My first river cruise was pretty well perfect, even if the vessel, a converted working barge, was somewhat basic. The captain was also barman and tour guide, his girlfriend was the waitress and made the beds, and the chef doubled as boatman.
We were a merry band of fewer than 20, the food was good, the wine endless and the entertainment was the glorious French countryside.
What more could you want? Well, one captain was so fond of the hokey-cokey he had the passengers up and at it every night.
These days there are river boats almost everywhere, some with speciality restaurants and professional entertainers. And they are bigger, carrying almost 200 passengers, and so wide they are restricted to major rivers like the Rhine, and they don’t do locks.
But, as you might have gathered from chef Rick Stein’s entertaining TV series filmed on the Anjodi while cruising the Canal du Midi, there is a lot of charm to be found on a small vessel chugging serenely on a winding river, or along a canal where you can hop off for a bike ride.
I have just been on the Panache, a sister ship to Anjodi and both from European Waterways. While most barge cruises in northern France start with hotel pickup in Paris, our itinerary began in the city itself with a delightful cruise under the city’s romantic bridges. We dined while under way and slept close to the Eiffel Tour.
Breakfast in Paris, ooh la la, and that means we had baguettes, croissants and of course the ficelle, a smaller version of the baguettes, from a local boulangerie. For some of us, France is all about bread, cheese and wine, and as we set off down the River Seine, we soon connected to the River Marne and headed to Meaux, famous for its creamy, soft cheese.
The first lunch came with a pair of delicious Sancerre wines – a chilled white with a tender chicken Milanese, and a silky red with two cheeses, a Tomme and the delicious Brillat Savarin.
Other wines and cheeses were flourished each day covering the best of France.

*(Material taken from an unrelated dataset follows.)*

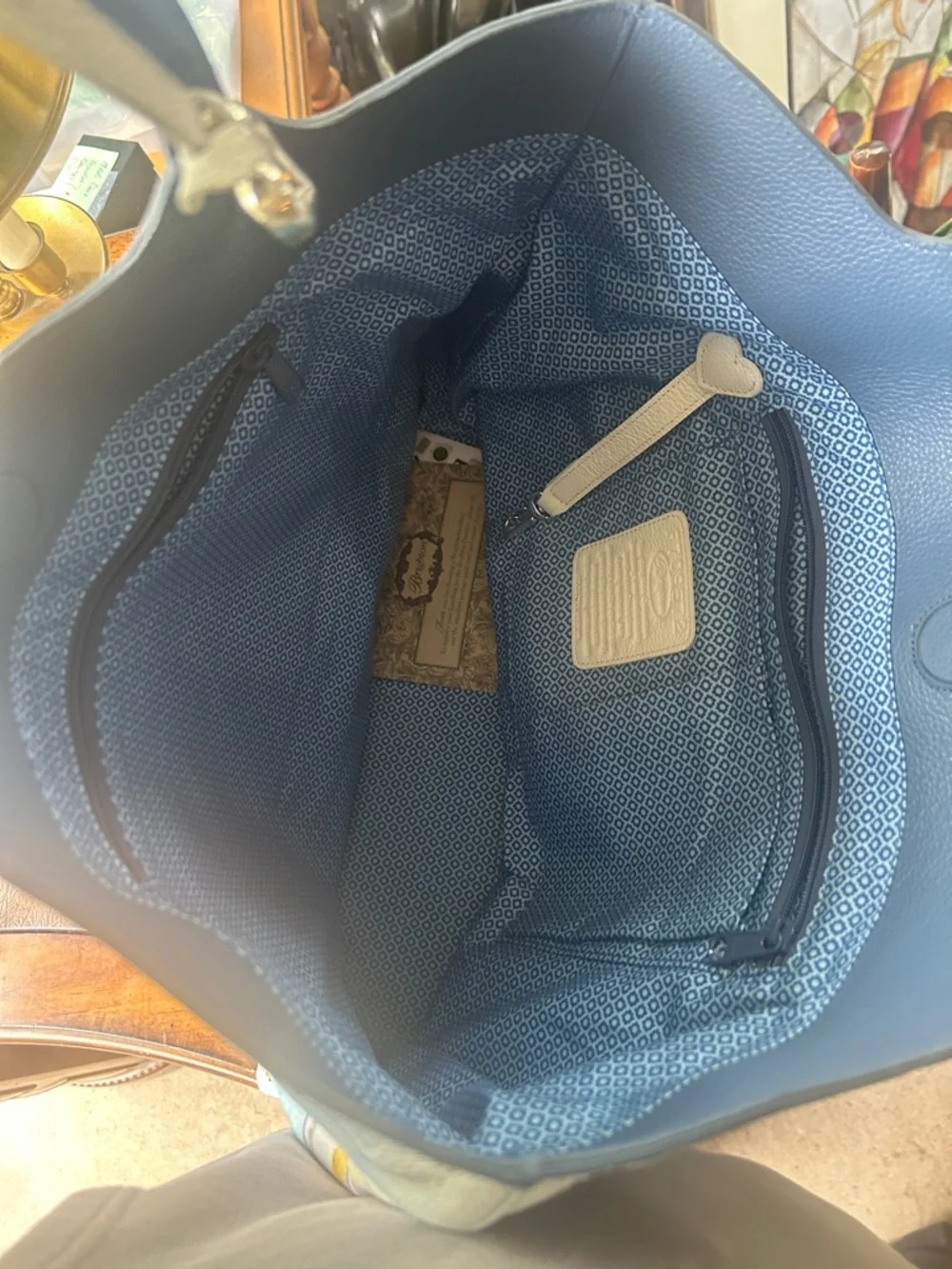 Brighton Pastel Floral & Butterfly Tote in Light Blue - Picture 3 of 4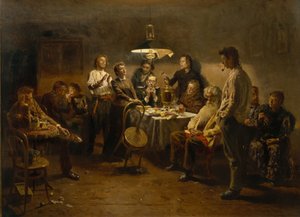 Uma noite de convívio, 1875-1897 de Vladimir Egorovic Makovsky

Add to that the fresh baguettes bought every morning and I am reminded that not everything afloat is as good as this.
For a start the Panache is like a private yacht with just six cabins, we had our own chef, an obliging hostess who poured drinks (all included) and made our beds, and an executive-size bus for daily trips.
Panache is typical of the bijou boats in European Waterways’ fleet. Some of the 17 carry more, some even fewer. There is never a queue to get off. Panache, like most hotel barges, is a former working barge, some of which were horse drawn and carried coal and steel. Panache got lucky when a wealthy Belgian chose her for a superb conversion featuring a magnificent granite table.
We did not see many working vessels on the Marne, these days a blissful way to cruise from Paris to the Champagne region.
The peace was shattered in 1914 when the German army burst through Belgium and was poised to cross the Marne when the French army held its ground but lacked transportation for fast reinforcements. Famously, an appeal was made to Paris cabbies, who ferried an army in convoys of taxis. The Germans retreated and the cabbies were hailed as saviours.
The Germans struck hard again in 1917 but were defeated by the newly arrived Americans in the bloody battle of Belleau Wood. We had a visit to the impressive Museum of the Great War near Meaux, which has chilling recreations of the trenches.
We got to stretch our legs with a visit to one of France’s finest chateaux, Vaux-le-Comte, which has many rooms with period furniture, not a few stairs, sprawling manicured gardens later copied at Versailles, and quite a history.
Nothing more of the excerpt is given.